Our article does not seek to focus on enterprise-wide or portfolio-level KPI metrics, nor does it seek to be all-encompassing in the uses of specific types of KPIs that can be deployed or how KPIs and metrics can help to run a business. We simply put forward some “pointers” to think about for project-level KPI control and how KPIs can be a tool to help you as an effective project manager ‘manage’ your project.

The type of KPIs you use is influenced (determined, even) by the size and nature of your project. For example, a long, large, and complex infrastructure project involving many stakeholders each with varying degrees of influence will have different KPI control and reporting needs to a small, comparatively low-cost research project that is specific to one organisation.
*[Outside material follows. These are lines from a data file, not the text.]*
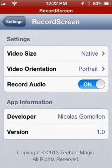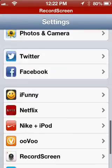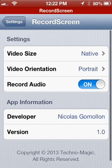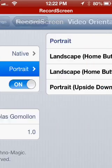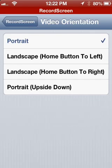So the way to fix that is go into your settings, come down to find 'Record Screen', come into Video Orientation — it would be on portrait, which is unfortunate like how I'm recording it now. And if you want to change it to play games, press one of the landscape buttons — landscape home button to the left, or home button to the right, depending on which way you hold your iPhone.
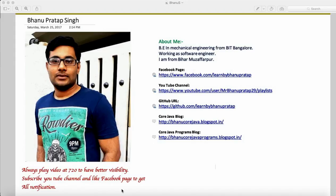Hey guys, what's up. This is a continuation of web service testing through Postman. We'll see some more examples — how we can make a POST call and GET call, and how we can get data from one call's response and supply it to another call.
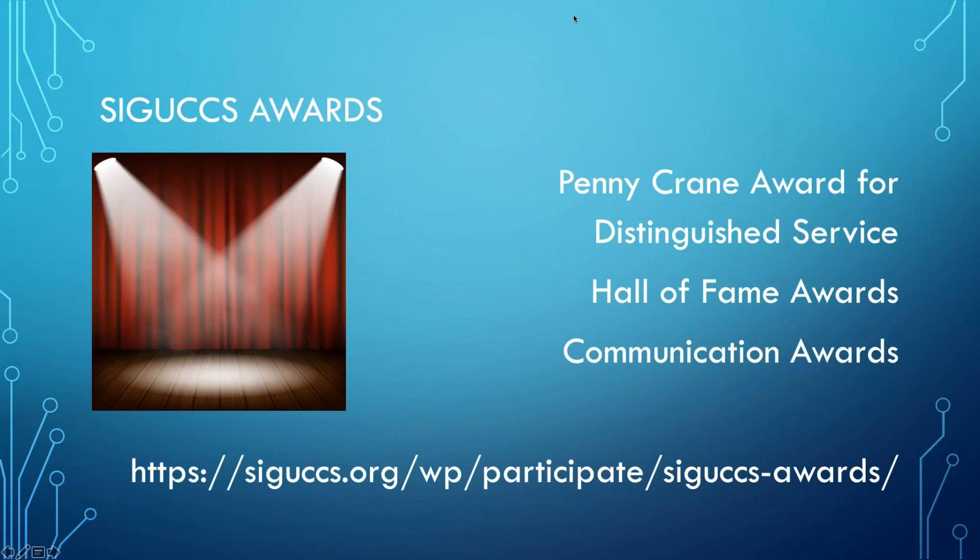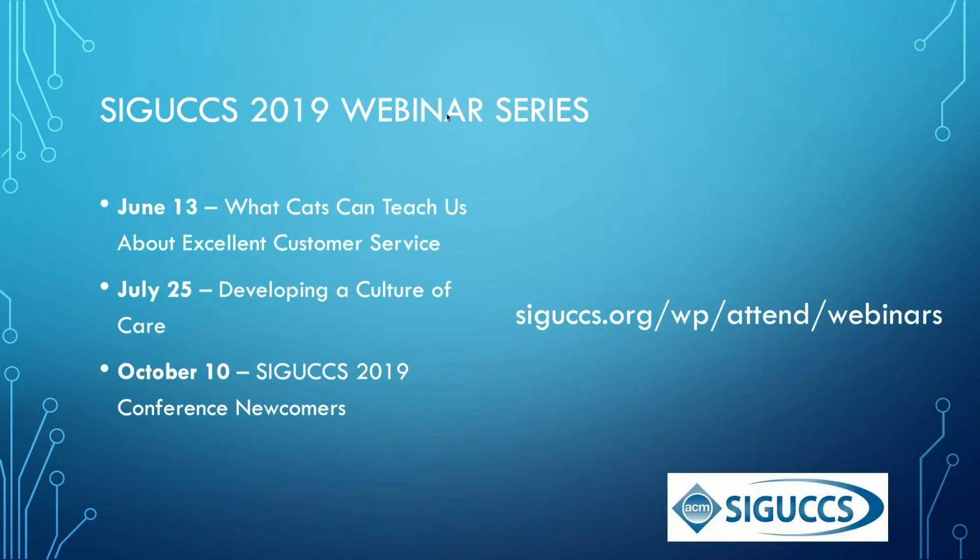It's also time to nominate yourself and your colleagues for SIGUX awards. All three of these award opportunities are available: the Penny Crane Award for Distinguished Service, our Hall of Fame Awards, and the Self-Nominated Communication Awards. Our upcoming webinars: in June, we're going to talk about cats and customer service. In July, we'll talk about developing a culture of care. And then in October, a webinar for newcomers.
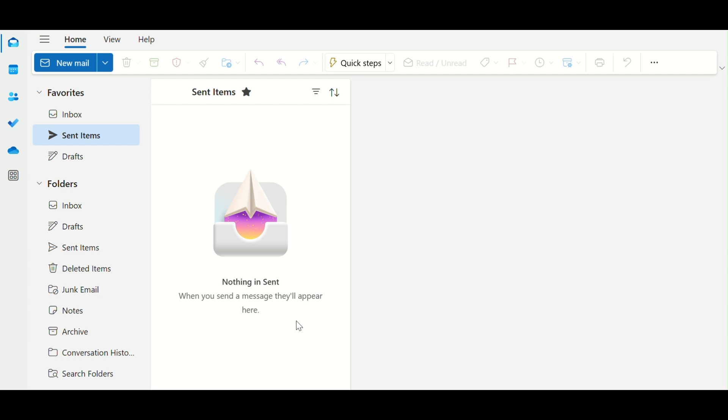Hey everyone! In this video, I'll show you how to insert a GIF directly into the body of your Outlook email. Quick, fun, and easy. Let's get started!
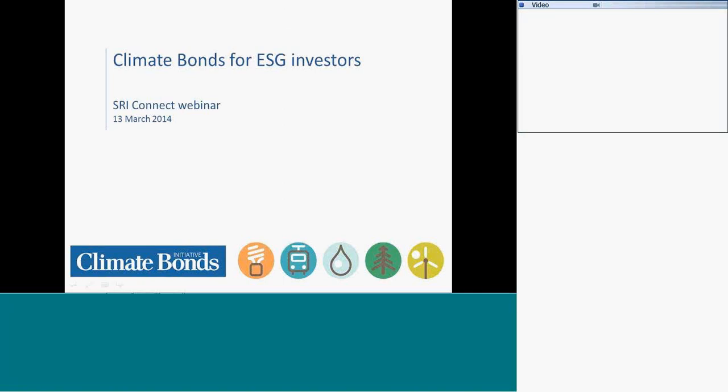Hello everybody, thank you very much for dialing in today. Welcome to SRI Connect's call with the Climate Bonds Initiative. My name's Mike Tyrrell, I'm the editor of SRI Connect. For those of you who haven't yet experienced the platform, it's an independent research platform for sustainability and corporate governance research for investors.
Here are seven (7) essential pointers to consider when assessing the use of KPIs for your project:

  1. Need to be meaningful to the audience they are intended for.
  2. Need to be clearly measurable (especially if project KPIs part of a formal contract)
  3. Need to drive towards the benefits that your project is expected to deliver once its output is being used
  4. Should be a blend of “lag indicators” and “lead indicators”.
  5. Need to align with program and/or portfolio level objectives.
  6. Need to be regularly measured and progress reported.
  7. Need to be continually measured once the project’s output goes into use

Let’s look at each point in turn:

  1. KPIs need to be meaningful for the audience they are intended for

This statement stands to reason, but it is not always easy to achieve. The devil is in the detail, and reaching agreement on the right KPIs to use, and how to use them, should be a key part of your planning activities prior to starting your project’s Delivery or Execution phase. Large projects with many internal and external stakeholders will inevitably have many needs, and as a result it may not be practical to report all KPIs to all stakeholders – some KPIs will be relevant to a particular group, and others will not be. The type of industry you are working in has a large bearing on the KPIs used as well. Plan in advance and make sure you have the capacity to provide status updates on KPIs that matter to your stakeholders. Think about whether several detailed project KPIs (for example, for budget control) can and should “wrap up” into a single KPI for senior management reporting. For example, it is helpful if the KPIs being used at a detailed project-level control can wrap up to Management-level Project Review Groups and Governance Boards. Measure what matters to each stakeholder, and focus on relevant metrics for each stakeholder group.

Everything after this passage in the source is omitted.